The scene that got me really mad is when the Ninik Mamak, a group of selected important and respected men in their big family or their suku/tribe, held a meeting to discuss on the matter of Hayati and her marriage proposals. So two marriage proposals came to Hayati. The first one is from Aziz, a modern westernised guy with crystal clear of full-blood Minang lineage who happen to like Hayati due to her beauty seen by him when she came to his house during the horse racing event (she happened to be a friend of his sister, Khadijah who offered Hayati to stay at her house during the event. Hayati came to Padang Panjang with the intention to meet Zainuddin, his true love, at the racing event cause they are separated at distant due to her Ninik Mamak dislike of Zainuddin’s mix-blood lineage) and the second one is Zainuddin, a kind-hearted, islamic and decent guy who loves Hayati wholeheartedly, fell in love with her when he came to Hayati’s hometown to learn about Islam but got discriminated by all the village people who are Minangkabau descendants due to his non-full or partially Minangkabau.


I got really mad listening to these respected dominant male members who felt that they did a really good and important job of discussing what’s the best for their tribe members by upholding their value towards their adat really high that actually lowering down their priority for religion. They care too much about one’s bloodline that they could decide the best person is to get married with Hayati is the westernised, unislamic Aziz over this decent and faithful Zainuddin. They also seen to be not really cared about Hayati’s wellbeing and opinion as they only wants Hayati to follow their dictatorial decision. They did ask Hayati of what she felt after they came out with their decision. Hayati could only cry listening to it and at the same time, they furthered their question to Hayati to reveal of what she thinks about the decision. Since Hayati could only cry and did not utter any word, they kept on pushing Hayati to speak so that they could only leave the place of meeting and have dinner. They asked her not to get her consent but only to fulfil the ritual/procedure for asking. Just to follow the protocol/adat. They do not really care about Hayati’s feeling. They only care about their pride, ego and ‘face value’ cause they cannot stand of people mocking them for having an imperfect-lineage member in their family. Their heritage is somehow stained or distorted if that happens. I mean, come on, if they really cared about Hayati, just by seeing her crying, you could easily understand that she does not want to get married to Aziz. 

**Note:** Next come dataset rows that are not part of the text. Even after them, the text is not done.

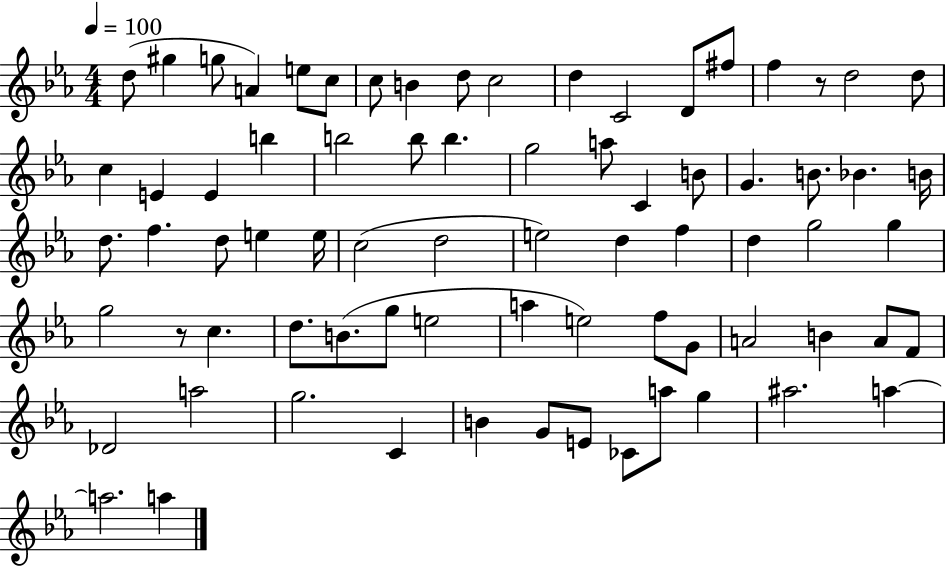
{
  \clef treble
  \numericTimeSignature
  \time 4/4
  \key ees \major
  \tempo 4 = 100
  \repeat volta 2 { d''8( gis''4 g''8 a'4) e''8 c''8 | c''8 b'4 d''8 c''2 | d''4 c'2 d'8 fis''8 | f''4 r8 d''2 d''8 | \break c''4 e'4 e'4 b''4 | b''2 b''8 b''4. | g''2 a''8 c'4 b'8 | g'4. b'8. bes'4. b'16 | \break d''8. f''4. d''8 e''4 e''16 | c''2( d''2 | e''2) d''4 f''4 | d''4 g''2 g''4 | \break g''2 r8 c''4. | d''8. b'8.( g''8 e''2 | a''4 e''2) f''8 g'8 | a'2 b'4 a'8 f'8 | \break des'2 a''2 | g''2. c'4 | b'4 g'8 e'8 ces'8 a''8 g''4 | ais''2. a''4~~ | \break a''2. a''4 | } \bar "|."
}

One more interesting scene is when they (the Ninik Mamak) were having ‘the discussion’, a young member of the meeting members voiced out his opinion that it is not a good practice to lower down people just because of his lineage status. However, he was severely objected with a high rise voice by the leader tribe who happened to be Hayati’s father that this young guy do not know what he is talking about and it is a wrong statement. He, the leader, knows much better than the young guy. Shouted by the elder member, the young guy straightly shut off his mouth. So, we can see here of how arrogant and egoistic are the elder alpha members of the family/tribe. They do not listen to their young members’ view. They do not spare any thought on listening to the young generation.